Se fosse vero, tuttavia, gli investigatori ritengono che ciò potrebbe spiegare perché i subacquei sono rimasti intrappolati all’interno della labirintica rete di grotte.
“Sostanzialmente trasformerebbe la grotta in una prigione”, ha detto ai media locali un consulente per la sicurezza marittima.
Mentre gli investigatori continuavano a perlustrare la zona mercoledì mattina, emersero ulteriori domande riguardanti l’aspetto finanziario della spedizione.
Secondo quanto riferito, le autorità stanno esaminando documenti assicurativi, accordi di sponsorizzazione e controversie commerciali che coinvolgono una delle vittime.
I giornali italiani hanno anche riferito che due membri della squadra di subacquei avevano recentemente litigato con un ex compagno di spedizione sui diritti di proprietà legati ai filmati subacquei documentari girati nel sud-est asiatico lo scorso anno.
Non è chiaro se tale controversia sia collegata all’incidente delle Maldive.
Ma la polizia non esclude più alcuna possibilità.
Al centro del mistero rimane la lettera stessa di 333 parole.

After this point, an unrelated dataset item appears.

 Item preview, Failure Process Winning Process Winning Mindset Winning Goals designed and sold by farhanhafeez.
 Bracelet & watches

Perché esattamente 333 parole?
Il numero era intenzionale?
Conteneva un codice nascosto?
Secondo quanto riferito, esperti di crittografia in Italia sono stati contattati dopo che gli investigatori online hanno affermato che alcune frasi all’interno della lettera potrebbero contenere schemi simbolici.
Le autorità non hanno commentato queste teorie.

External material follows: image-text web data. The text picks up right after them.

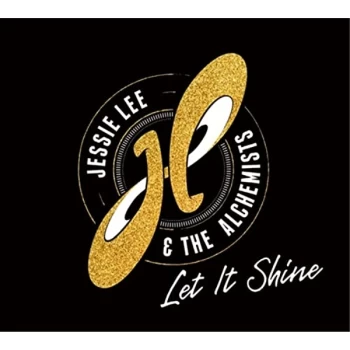 image of Jessie Lee & The Alchemists - Let It Shine CD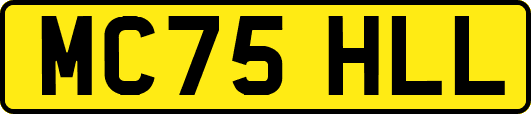MC75HLL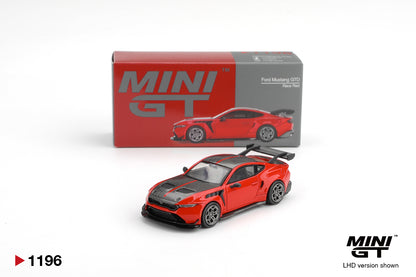 MiniGT - Ford Mustang GTD Race Red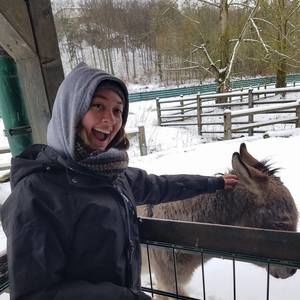 Meet your Posher, Stephanie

Mercoledì sera tardi, la polizia ha isolato parte di un porto turistico privato dove erano attraccate diverse imbarcazioni da spedizione prima dell’immersione.

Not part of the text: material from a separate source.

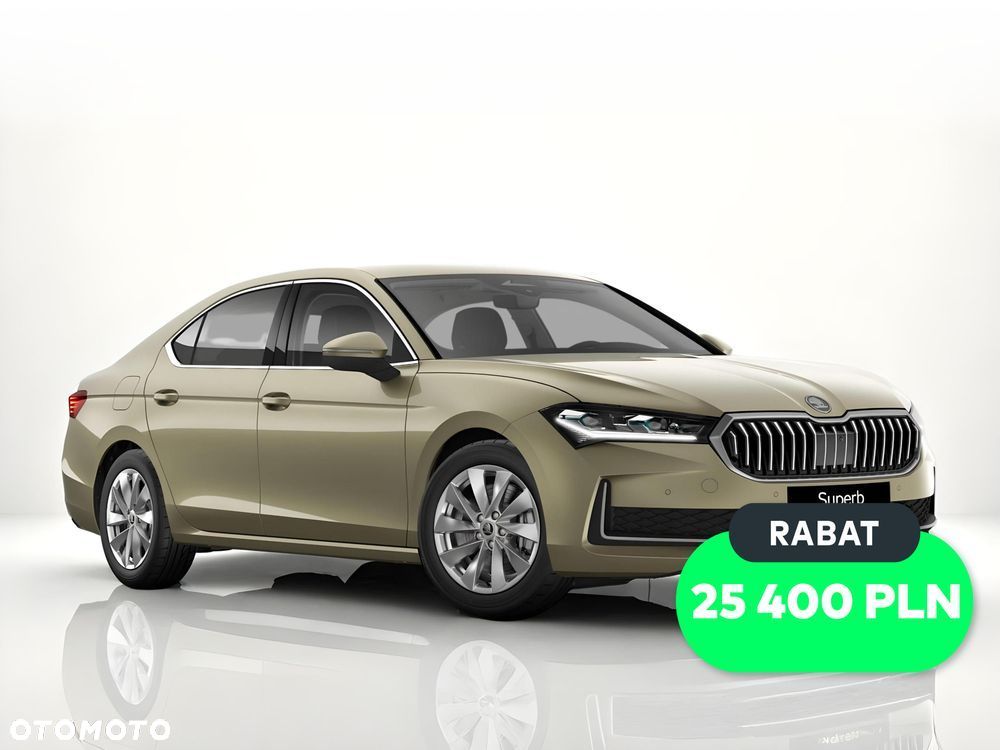 Skoda Superb 2.0 TSI Drive DSG - 1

Testimoni hanno riferito di aver visto agenti forensi trasportare computer, apparecchiature per l’ossigeno e contenitori sigillati in veicoli non contrassegnati.
Non sono stati annunciati arresti.
Ma gli investigatori hanno ammesso in privato che ora stanno lavorando partendo dal presupposto che un’altra persona potrebbe essere stata direttamente coinvolta nelle morti.
Intanto le famiglie delle vittime continuano ad attendere risposte.
Durante una veglia a lume di candela tenutasi vicino a Venezia, dozzine di persone si sono radunate accanto alle fotografie dei quattro subacquei mentre le campane delle chiese risuonavano nell’aria notturna.
Molti hanno faticato a comprendere come un’avventura intesa a documentare uno dei sistemi di grotte sottomarine più belli del mondo si fosse trasformata in un’indagine criminale internazionale.
“Per giorni abbiamo pianto tutto questo come una tragedia”, ha detto tranquillamente un amico di famiglia. “Ora siamo costretti a immaginare qualcosa di molto più oscuro”.
Mentre le squadre forensi continuano ad analizzare il video recuperato e la lettera scritta a mano, le autorità avvertono che le indagini potrebbero richiedere mesi.
Si prevede che i subacquei rientreranno nella grotta più tardi questa settimana alla ricerca di ulteriori prove possibilmente sepolte sotto i sedimenti crollati nelle profondità dei tunnel allagati.
Gli investigatori sperano che nuove scoperte possano rivelare cosa sia realmente accaduto durante gli ultimi momenti della spedizione.
Fino ad allora, una possibilità terrificante incombe sull’intero caso:
I quattro subacquei forse sapevano esattamente perché non sarebbero mai tornati in superficie.